I began the second section of the unit, Exponential Models, on Friday. Right now, I don’t have a strong understanding of the concepts that were covered in the section. As far as I understand it, this section covers how to use calculus to solve for variables in exponential functions. Once I figured out the pattern of how to solve the questions from the 2 exercise I worked through, the math wasn’t difficult, but I don’t have an intuitive understanding for how/why the calculus actually works. The silver lining is that in the past ~2.5 years this often happens; first I learn the mechanics of how to solve a set of questions then the intuition for what’s happening eventually comes. The following are 3 example questions I worked on. The first question came from the first exercise and the following 2 questions were from the second exercise:

Question 1:

• Givens:
  • dy/dt = 2y
  • Point at (0, 8)
• Question:
  • Solve for y.
• Solution:
  • dy/dt = 2y
    • y^-1 * dy = 2 * t⁰ * dt
    • ∫ y^-1 * dy = ∫2t⁰ * dt
    • ln|y| = 2t + C
      • Input (0, 8)
    • ln|8| = 2(0) + C
    • ln|8| = C
      • Input C = ln|8| back into ln|y| = 2t + C
    • ln|y| = 2t + (ln|8|)
    • e^ln|y| = e^{2t + (ln|8|)}
    • y = e^2t * e^ln|8|
    • y = e^2t * 8
    • y = 8 * e^2t
• Conclusion:
  • y = 8 * e^2t

Question 2:

• Givens:
  • Mass decreases at a rate proportional to the mass at a given time
    • i.e. dM/dt = K * M
      • (Note: This part it confusing, but it describes an exponential equation in that the mass of the isotope is a function of time and the rate at which the mass decreases is constant but relative to the mass at any given time.)
  • Initial Mass = 40 grams
    • i.e. (0, 40)
  • Mass after 16 days = 10 grams 
    • i.e. (16, 10)
• Question:
  • What is the mass after 20 days?
• Solution:
  • dM/dt = K * M
  • M^-1 * dM = K * t⁰ * dt
  • ∫ M^-1 * dM = ∫ K * t⁰ * dt
  • ln|M| = K * t + C
  • e^ln|M| = e^{K * t + C}
  • M(t) = e^Kt * e^C
  • M(t) = C * e^Kt
    • Input (0, 40) and solve for C.
  • M(0) = 40 = C * e^K(0)
    • 40 = C * (1)
      • C = 40
    • Solve for K using (16, 10) in M(t) = C * e^Kt
  • M(16) = 10 = 40 * e^K(16)
    • 10/40 = e^k(16)
    • ln(1/4) = ln(e^K(16))
    • ln(1/4) = K * 16
      • K = ln(1/4)/16
    • Input t = 20 into M(t) = 40 * e^{(ln(1/4))/16) * t}
  • M(20) = 40 * e^{(ln(1/4))/16) * 20}
    • = ~7.07107
  • Conclusion:
    • After 20 days the mass of the isotope is approximately 7 grams.

Question 3:

Typing out the solutions to the questions above, I’m realizing just how confusing these concepts are to me. I don’t think it’s going to take me too long to figure it all out, but right now it seems very abstract and hard to grasp…
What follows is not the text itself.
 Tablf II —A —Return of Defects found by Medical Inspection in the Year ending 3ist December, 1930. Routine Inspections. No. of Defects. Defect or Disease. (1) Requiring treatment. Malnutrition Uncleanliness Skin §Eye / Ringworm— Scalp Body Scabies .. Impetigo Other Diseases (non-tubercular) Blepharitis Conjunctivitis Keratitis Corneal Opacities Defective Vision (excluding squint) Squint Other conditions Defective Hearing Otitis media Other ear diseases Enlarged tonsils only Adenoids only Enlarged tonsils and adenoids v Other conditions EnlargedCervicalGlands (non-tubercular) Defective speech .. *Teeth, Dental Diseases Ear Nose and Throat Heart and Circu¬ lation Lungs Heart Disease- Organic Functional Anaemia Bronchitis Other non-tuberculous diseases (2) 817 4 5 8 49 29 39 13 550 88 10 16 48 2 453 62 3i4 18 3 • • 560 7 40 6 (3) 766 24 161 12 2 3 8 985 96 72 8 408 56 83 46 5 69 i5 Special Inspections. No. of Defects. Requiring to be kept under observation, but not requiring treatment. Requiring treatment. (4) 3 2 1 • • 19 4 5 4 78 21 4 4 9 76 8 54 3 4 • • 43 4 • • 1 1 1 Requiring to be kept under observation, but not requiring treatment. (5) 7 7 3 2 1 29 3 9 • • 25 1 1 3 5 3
I’m hoping it won’t take me too many attempts to get through the unit test this coming week. Assuming I get through it, that means I will have gotten through Differential Equations (880/1,100 M.P.) in ~3.5 weeks! As I said in my last post, there’s essentially no chance that I’ll get through the final unit in Calculus 1, Applications of Integrals (0/1,900 M.P.), before the end of the month but that’s ok. I can definitely see the light at the end of the tunnel in regards to getting through all of calculus, especially considering I’m already 41% of the way through the course Calculus 2! If I can somehow manage to get through Calc 2 before September, I will have gone from learning arithmetic to understanding calculus in 3 years. That’s a lot longer than the <1 year I thought it was going to take (I was so naïve lol) but still a solid accomplishment!